Are there any tax attorneys/CPA’s on BP with international experience? I am setting up an LLC for rental property investing with 2 partners from the UK. I am under the impression that the LLC must withhold 35% as it has foreign members. However, what happens if we show a passive loss on our balance sheet after deductions and depreciation? Also, how would the members be able to take their draw from the LLC in this scenario? Will the IRS allow members to take draws from an LLC that shows a loss? Would the members also then be taxed again on the draw? I know there is an existing tax treaty between the US and UK but I do not have any detailed knowledge on this.
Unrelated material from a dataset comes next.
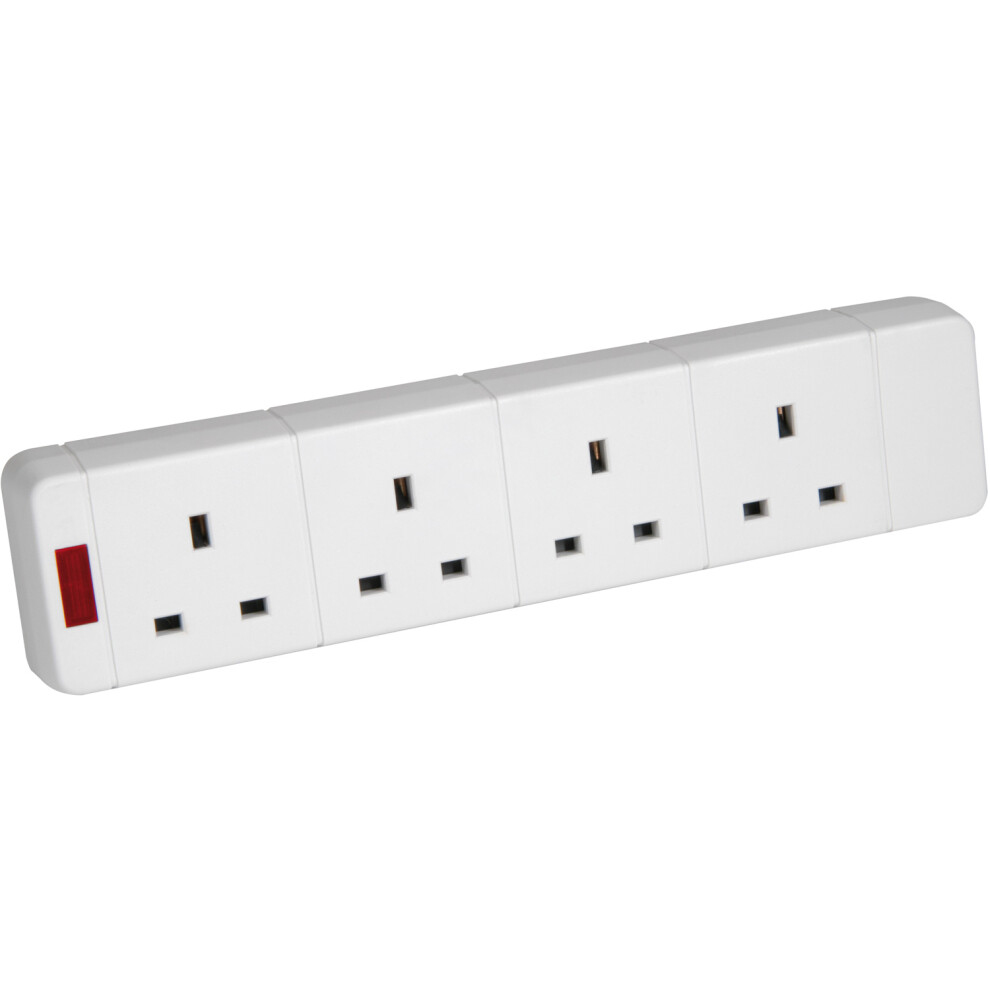 4 Gang Way 13A Trailing Socket With Neon Re-Wireable 5015972038031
If anybody can help out on this that would be great! Thanks!

@Joshua Davies

As per IRS, rental income will be taxed depends on whether or not the foreign person who owns the property is considered "engaged in a U.S. trade or business." Ownership of real property is not considered a U.S. trade or business if it consists of merely passive activity such as a net lease in which the lessee pays rent, as well as all taxes, operating expenses, repairs, and interest in principal on existing mortgages and insurance in connection with the property. Such passive rental income is subject to a flat 30 percent withholding tax (unless reduced by an applicable income tax treaty) applied to the gross income rather than the "net rent" received. Thus, the real estate taxes, operating expenses, ground rent, repairs, interest and principal on any existing mortgages, and insurance premiums paid by the lessee on behalf of the foreign owner-lessor, must be included in gross income subject to the 30 percent withholding tax. The gross income and withheld taxes must be reported on Form 1042-S, Foreign Persons U.S. Source Income Subject to Withholding to the IRS and the payee by March 15 of the following calendar year. The payor must also submit Form 1042, Annual Withholding Tax Return for U.S. Source Income of Foreign Persons, by March 15.
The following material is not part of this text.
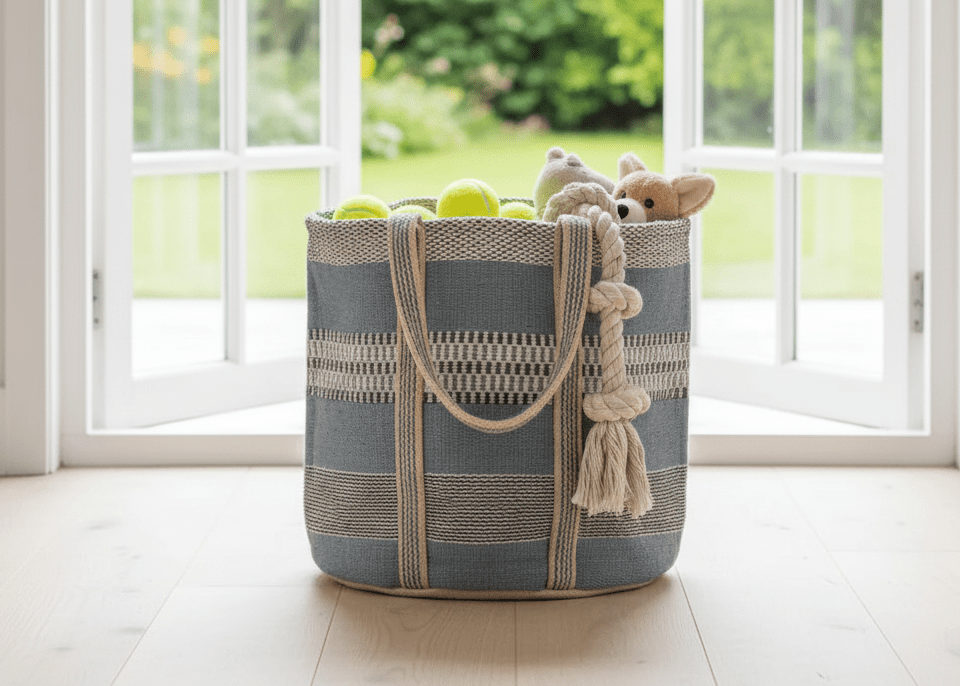 Woven Jute Storage Bag – Blue - Mac and Lilly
So I guess my question is, is there a way we can set up another LLC that provides services to my other LLC to become engaged in a US business and reduce tax that way?
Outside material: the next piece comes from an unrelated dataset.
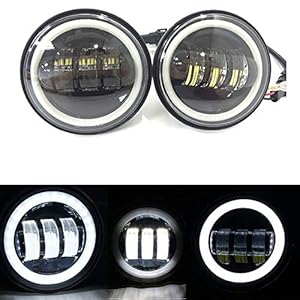 Lot de 2 phares antibrouillard Angel Eyes DRL Halo de 4,5 pouces pour Harley Davidson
I am just curious of the options we have as 35% is a lot of money to pay in taxes!


@Brandon Hall I would love to hear your opinion on this too, I enjoy reading your posts as they all always very informative. Thanks!

@Joshua Davies

There is no tax on cash disbursement to foreign partner, tax is only on the net rental income (includes Depreciation, Amortization). If there is loss, no need to withhold anything.

@Jay Patadia that's what I thought, however I had somebody tell me that the tax would be on the gross rents which did not make sense to me. 

@Joshua Davies

A lot of wealthy foreign individuals become shareholders in a Corporation who ultimately invests in the partnership fund.

Joshua Davies, LLC has 2 memebrs in his LLC; Joshua Davies and International Corp, Inc
The shareholders in International Corp, Inc. are International Investor 1 and International Investor 2.
When money is distributed by the Corporation to the investor - it is no longer rental income; it is dividend income.

The Partnership is now not required to withhold or file form 1042 since the member is not a foreign partner.
The international investors avoid having to file a US tax return because they are receiving dividend income instead of "rental income"

There are some pros/cons associated with this approach.
Possibly more administrative costs(registering of corp), filing of corporate tax return etc.
however, many foreign investors like this approach.

@Basit Siddiqi thanks for your response. In this case we would have to withhold 35%? I am looking for a way for us to elect to be taxed on a net basis, that way the partners file a US tax return, but as we would have a passive loss on paper there would be nothing to tax.

Do you know what our options are for this?


@Joshua Davies

Foreign investors have to be concerned with FDAP(fixed, Determinable, Annual, Periodical) income or ECI(effectively connected income).

Rental income is normally considered FDAP but you can make an election to make it taxed as ECI.
ECI is more advantageous if you expect expenses to leave income below $0.

Regardless of the strategy you choose - they shouldn't have to pay 30% on gross income(as long as you make proper elections).

Taxes involving foreign investors can get tricky. You should look to do everything by the book. Otherwise you can be on the hook for any unpaid taxes if the foreign investors failed to file a tax return.

@Basit Siddiqi And how do we elect the ECI option? Is that done at the time of LLC set up?

With deductions and depreciation, I would expect the net income to be $0.

@Basit Siddiqi thanks for sending! That was a good read. In the situation that we elect to be taxed on a net basis like this, how are the distributions processed? Would the foreign investors then be taxed again on this?

@Joshua Davies

You should have the UK investors consult with a CPA to protect yourself. You don't want to provide incorrect advice.

Distributions from a partnership are normally not a taxable event unless the distribution is in excess of the partner's basis in the partnership.

Another thing to be wary about is how the UK will tax their income generated through the US LLC.